08-21-2013 10:11 AM
I've made some tests for merging 2 tables (inner join), one having around 13 million observations, and the other one with 300.000, and I have received the following time results, within the 3 different scenarios:
1) PROC SQL -> 20 minutes;
2) MERGE with sort on BY variable -> 1h and a half including sorting on tables;
3) MERGE with indexes on BY variable (no sorting) -> 30 hours.
So my questions are:
- Why PROC SQL is more efficient than MERGE;
- Why MERGE without a previous sort is 30 times more time consuming than MERGE with sort. I know that sorting is reccomended before merge, but the performance decrease is really significant in this case.
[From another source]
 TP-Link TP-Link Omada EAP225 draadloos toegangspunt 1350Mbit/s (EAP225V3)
I would appreciate your answers very much, thanks a lot.
08-21-2013 10:36 AM
Are you performing proc sql join as in-database query. Cause if at all thats the case then it makes whole lot of difference as the db engine will handle the execution of sql as opposed to sas.
08-21-2013 10:45 AM
One key issue: did you run the PROC SORT before running SQL? If so, it's not really a fair comparison. SQL will change its joining method to take advantage of the sorted order.
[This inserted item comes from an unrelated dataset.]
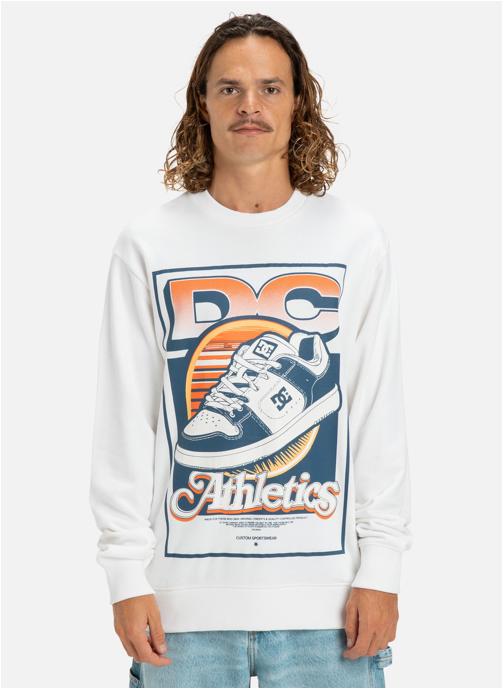 DC Shoes Sweats à capuche Manteca Tribute homme blanc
Regarding outcome #3, you have to picture how SAS extracts observations. It moves an entire page of data into memory, then extracts the observations from memory. When you use an index, most of the work is swapping pages into memory to get the right page that contains the next observation. Don't use an index to read every observation! Ian Whitlock once wrote a short, related paper called something like "Why Did This Code Take 24 Hours to Run?"